1. The problem statement, all variables and given/known data
A rigib poll of length 2L is made into a V shape so that each leg has length L. What is the period of oscilation for small angle. The angle between the legs is 120 degrees
2. Relevant equations
3. The attempt at a solution

I tried to calculate the period by imagining a rigid poll that would take the originals place. Since the lenght of one leg is L, the poll which would take the place is located in the middle and of lenght $L/2$ since its 30,60,90 triangle, Moment of inertia is $I=\frac{M(L/2)^2}{3}$ and that nakes the period $T=6.28*\sqrt{\frac{I}{Mg(L/2)}}$ and that just doesnt seem right? What do you think?

2. Jun 23, 2016

### Delta²

You have to calculate the moment of inertia I of the V shape body around the point at the vertex of V (which I suppose is the pivot point).
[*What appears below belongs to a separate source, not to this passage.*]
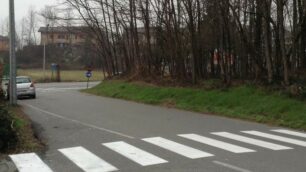 Attraversamenti pedonali a Carate Brianza vicino all’ospedale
I believe it will be $I=2M\frac{L^2}{3}$.Also you need to find the center of mass of the V shape body. I believe it will be at distance $R=\frac{L}{4}$ from the pivot point. Then the period will be

$T=2\pi\sqrt\frac{I}{MgR}$ where R is the distance of the center of mass from the pivot point (the vertex of V).

3. Jun 23, 2016

### haruspex

That's rather too much assistance straight up. Better would have been to leave it as
"You have to calculate the moment of inertia I of the V shape body around the point at the vertex of V (which I suppose is the pivot point).. Also you need to find the center of mass of the V shape body. "

Anyway, your expression for I is wrong.

4. Jun 24, 2016

### Delta²

Sorry where I am wrong, the body is originally 2L and each V side has L length. Moment of intertia is aroung the peak of V not around the c.o.m.

Ok I see now the factor of 2 should be omitted.

Last edited: Jun 24, 2016
5. Jun 24, 2016

Right.